Dalam kalender Gerejawi, minggu ini merupakan penutup atau akhir dari tahun kalender gerejawi yang disebut sebagai Minggu Kristus Raja. Minggu Kristus Raja terhubung dengan Masa Biasa yang mendahuluinya, maka berita pada Minggu Kristus Raja seolah menjadi penyimpul bahwa Tuhan Yesus Kristus sudah menyatakan seluruh karya-Nya yang konkret untuk menyelamatkan seluruh umat manusia. Melalui Kristus dan di dalam Kristus, Allah tidak hanya berkenan menebus dosa manusia tetapi juga berkenan dikenal oleh manusia supaya memahami kehendakNya dan melakukan perintahNya serta meneladaniNya.
Dalam Injil Matius 25:31-46 Yesus memberikan gambaran apa yang akan dilakukanNya ketika di akhir zaman atau saat hari Tuhan tiba, dimana Dia akan datang kembali sebagai Raja. Bagian ini mengakhiri rangkaian nubuat dan ajaran Tuhan Yesus tentang kedatanganNya kembali di hari penghakiman akhir nanti. Beberapa hal penting yang mesti kita perhatikan:
- Bila dalam warta Injil Yesus datang sebagai Juruselamat dalam kerendahan-Nya, namun kelak Ia akan datang kembali sebagai Raja dengan segenap kemuliaan-Nya dan semua malaikat-Nya (ay. 31). Namun demikian Dia bukan raja yang otoriter, melainkan raja yang menggembalakan.
- Seperti halnya Injil harus diberitakan ke seluruh bangsa dan harus direspons oleh masing-masing pribadi, maka hari penghakiman kelak pun mencakup semua bangsa dan berlaku untuk tiap-tiap orang. Lalu manusia dikelompokkan menjadi dua, dengan analogi atau gambaran domba dan kambing (ay. 32-33).

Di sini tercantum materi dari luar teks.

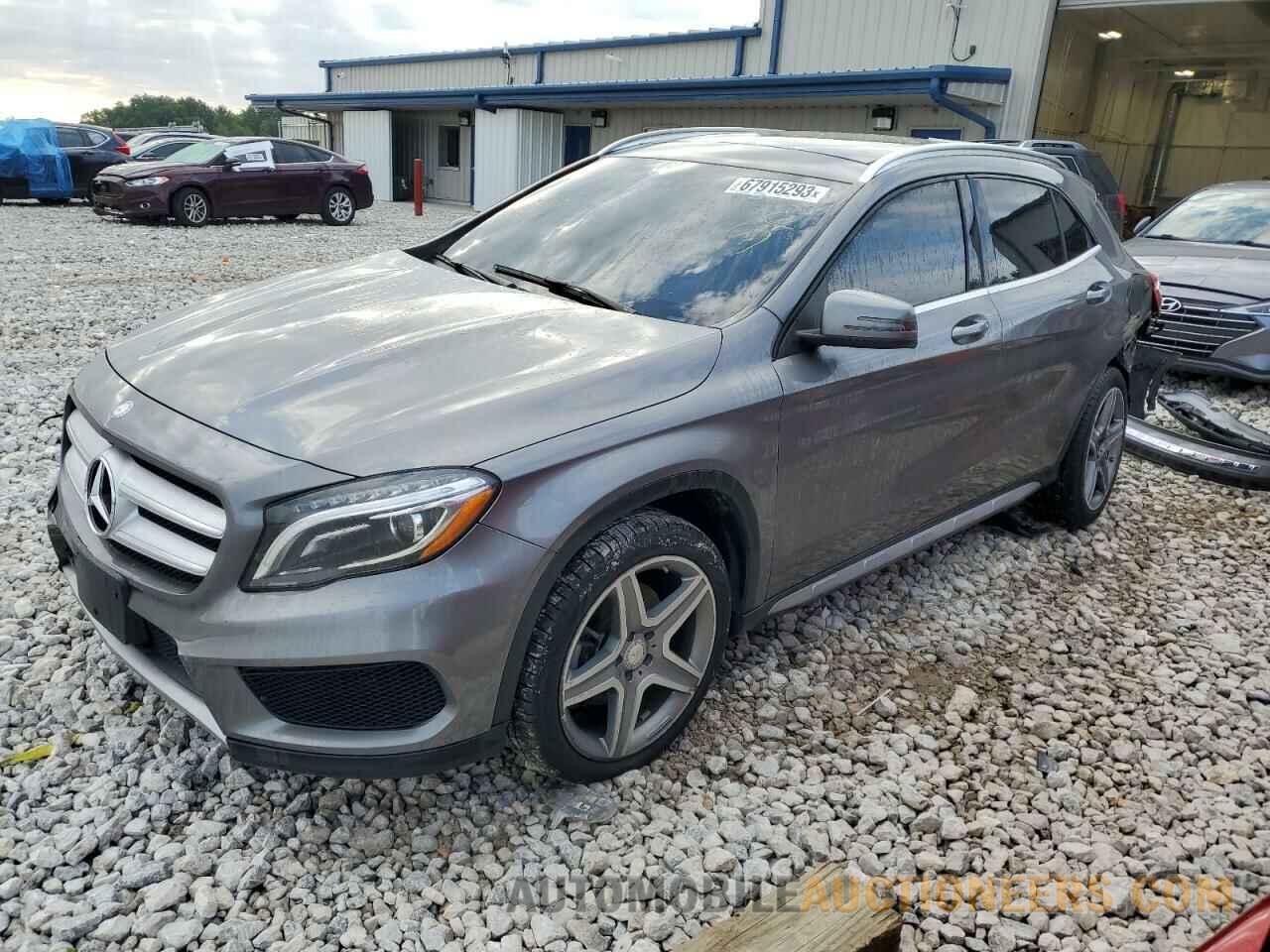 WDCTG4GB2FJ033201 MERCEDES-BENZ GLA-CLASS 2015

- Keputusan akhir nasib kekal tiap orang akan diambil/ditentukan pada hari penghakiman itu. Yang dinilai layak bersama Dia ialah mereka yang dianggap sebagai orang benar, yang melakukan tindakan kasih dan kepedulian yang tulus dan murni sebagai hasil dari menerima penyelamatan Kristus sehingga memiliki kasih Kristus dan memiliki kepekaan Kristus serta meneladaniNya (ay.34-40). Namun sebaliknya, orang yang tidak mengikuti perintahNya disebut sebagai orang terkutuk dan akhirnya akan dimasukkan dalam tempat sikasaan yang kekal (ay.46).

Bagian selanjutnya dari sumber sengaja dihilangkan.